# Trig help

1. Jul 31, 2006

### hmm?

Hello,

I'm curious if anyone can shed some light on my seemingly opaque brain as to why Sine is an odd function and Cosine is an even function?

2. Jul 31, 2006

### Office_Shredder

Staff Emeritus
Try graphing it, that should help. Sin(x) is odd because sin(-x)=-sin(x), whereas cos(x) is even because cos(-x)=cos(x). When looking at the definitions of sin and cos on the unit circle it should be obvious.... if you go backwards x radians instead of forwards, you end up on the opposite side of the x-axis, but the same side of the y-axis. This is because you start at x=0 on the x-axis

3. Aug 1, 2006

Looking at the Taylor Series should help.

4. Aug 1, 2006

### hmm?

From what I gather, I think your explanation and the books is similiar. So as far as I can understand Cos(-60)=1/2 and Sin(-30)=-1/2 which satisfies the Sin(-x)=-Sinx and Cos(-x)=Cosx--this is not hard for me to comprehend, but I was thinking, what about Cos(-120)? Does this not equal -1/2, or Sin(-210)=1/2--does it vary with in certain quadrants? Anyways, thanks Officer shredder for pointing me in the right direction.

5. Aug 2, 2006

### Data

Look at the "unit circle" definition for the functions. As Office_Shredder said, the parity of the functions should be pretty obvious.

In case you don't know what I'm talking about:

Consider the point (1,0).

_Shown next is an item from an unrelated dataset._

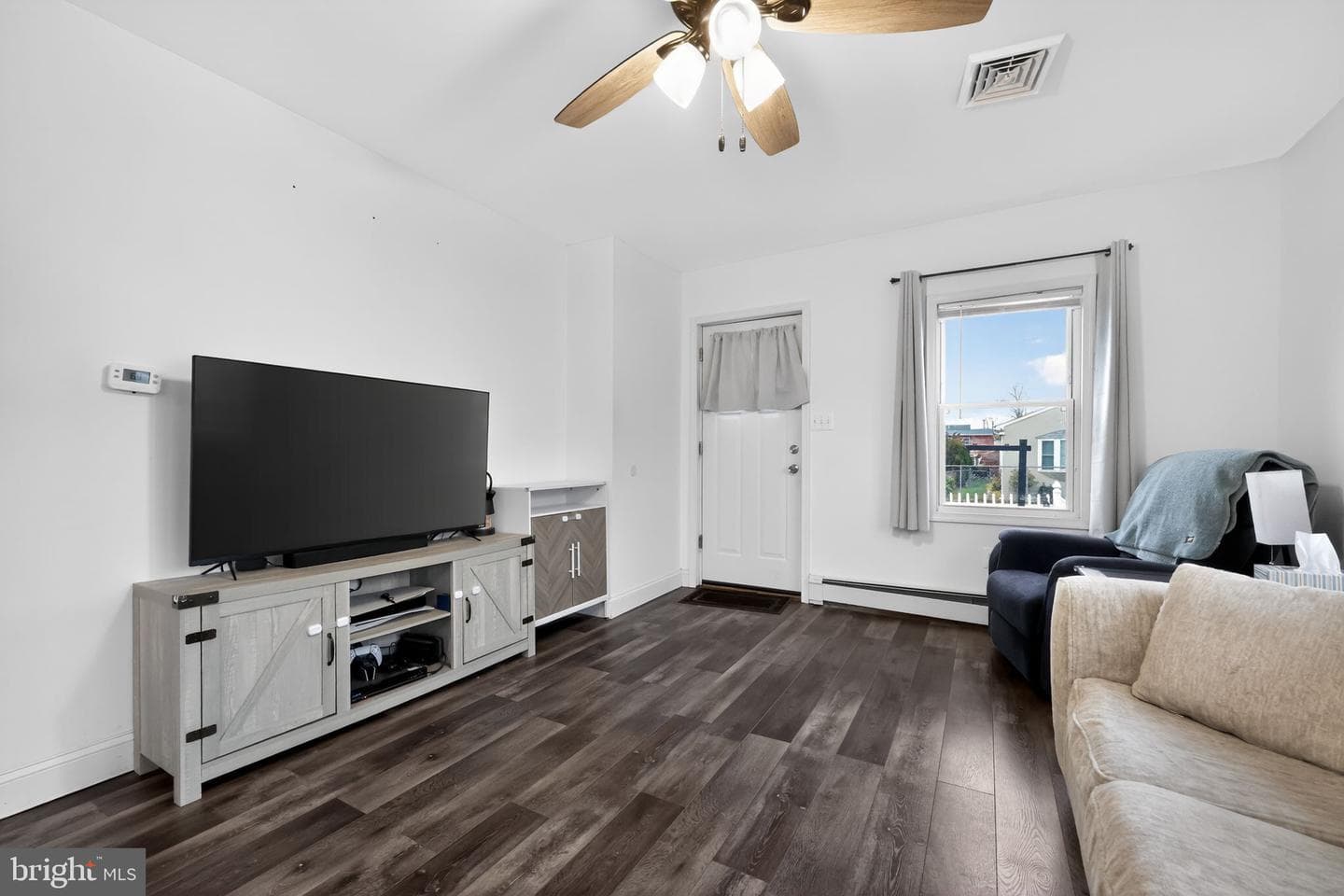 909 Third Avenue photo 7
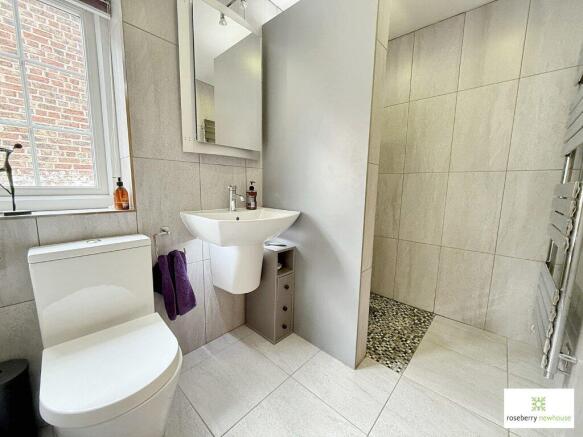 2 bed Semi-Detached for sale Image 12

If you rotate that point around the origin by an angle $\theta$ counterclockwise, without changing its length, then you get a new point (x,y) (with $x^2+y^2=1,$ which is why this is referred to as the "unit circle" defition - you're just rotating around a circle of radius 1 centered at the origin). We define $\sin{\theta} = y$ and $\cos{\theta} = x$.

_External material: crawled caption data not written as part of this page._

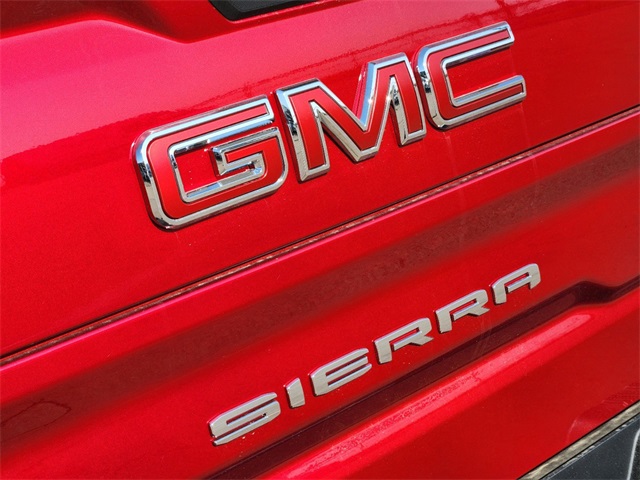 2025 GMC Sierra 1500 SLT 8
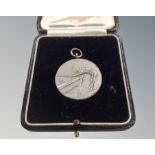 A 1938 Hunt Cup snooker medal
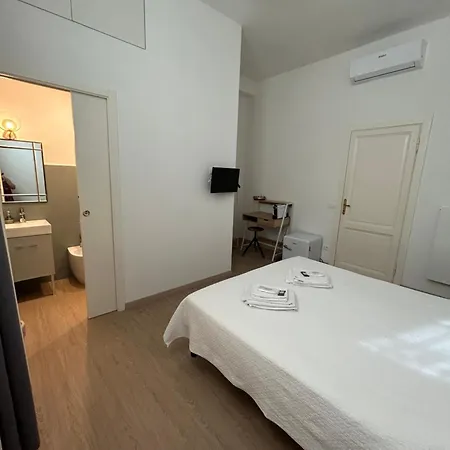 Ensuite Флоренция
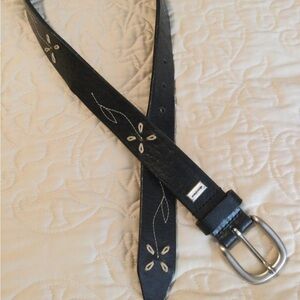 🎄🎅 Women Elegant Black Leather Belt with Embroidered Details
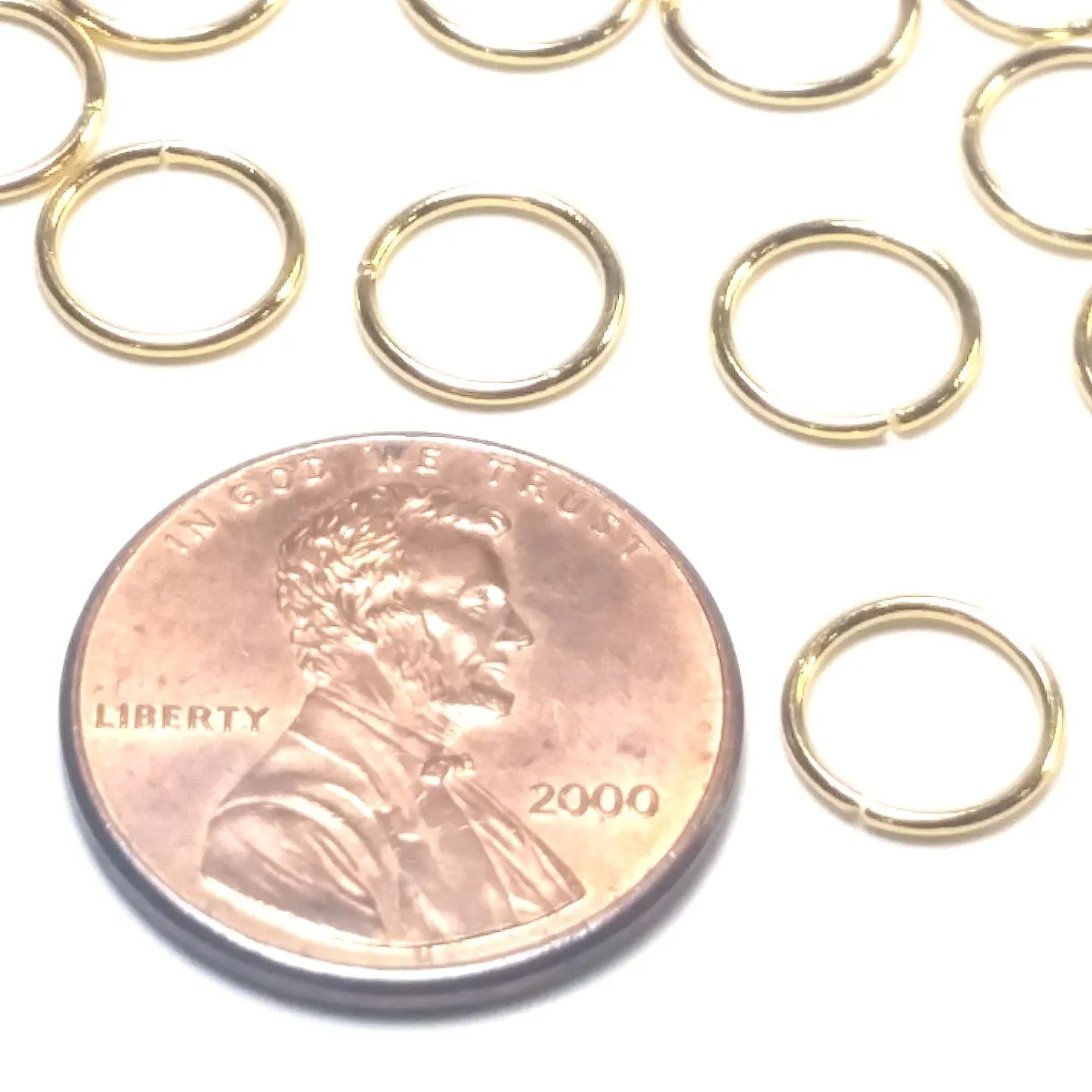 Gold Stainless Jump Rings, 8x0.8mm, 6.4mm Inside Diameter, 20 gauge, Closed Unsoldered, Lot Size 100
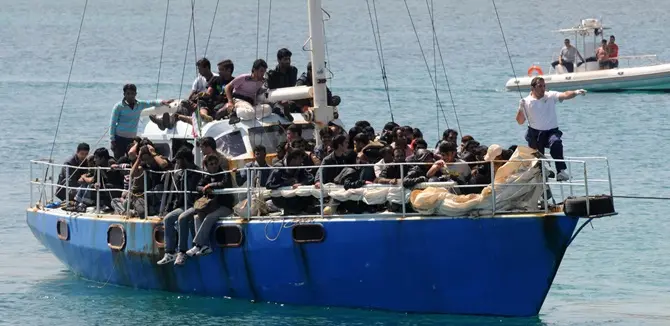 In arrivo 77 migranti a Roccella Jonica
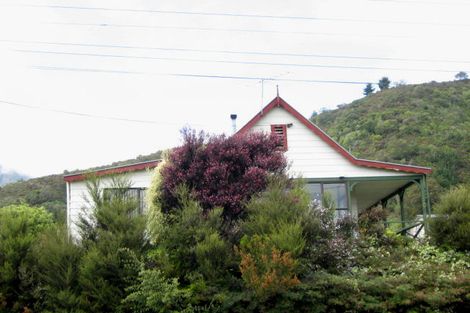 Photo of property in 168a Waikawa Road, Picton, 7220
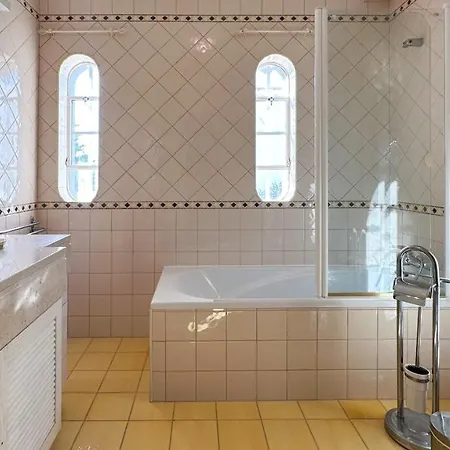 Villa Vivenda Catavento V5 Piscina E 100mt Da Gale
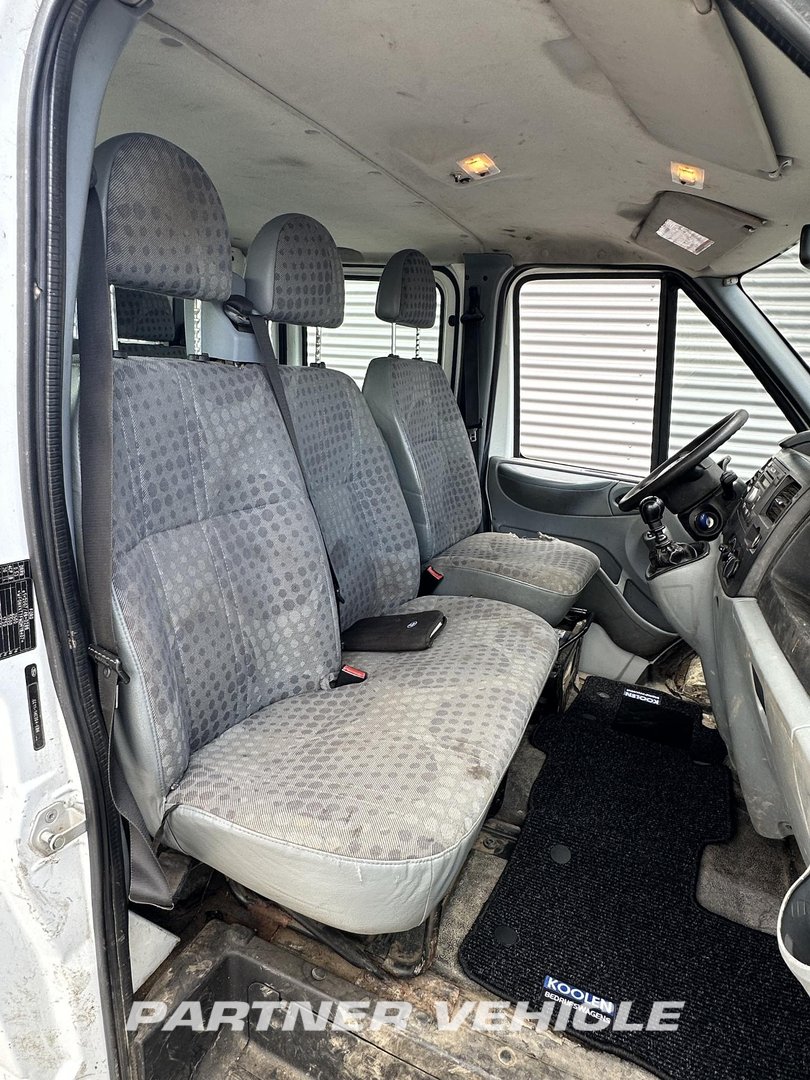 frontLeft : Ford Transit 105pk Minibusevi furgoni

So if we rotate 0 degrees, you get $\sin{\theta} = 0$ since that just leaves you with (x,y)=(1,0). If you rotate around counterclockwise (ie. $\theta$ is positive) with an angle $\leq \pi$, you see that $y \geq 0$, so $\sin{\theta} = y \geq 0$. If you then rotate by $-\theta$ (ie. clockwise by the same angle) then you find that $y$ is now of opposite sign but the same magnitude, ie. $\sin{\theta} = -\sin{(-\theta)}$. You'll see this works for angles $\theta > \pi$ too if you think about it.

Seeing that $\cos$ is even is equally easy with that definition.

(note i'm using radians for angles here which you may or may not be familiar with - in the above, $\pi = 180^\circ$)

Last edited: Aug 2, 2006
6. Aug 2, 2006

### hmm?

If you could provide me a demonstration of lets say $\sin(-\frac{7\pi}{6}) = -\sin(\frac{7\pi}{6})$ I would be most greatful, Data. As you can see, this is what excites the most trouble in my understanding--when $$\theta \geq 180$$. My apologies if I come off tenacious, but not understanding this completely vexes me inside!

Ahh! It should $$\frac{7\pi}{6}$$ radians.

Thanks.

Last edited: Aug 2, 2006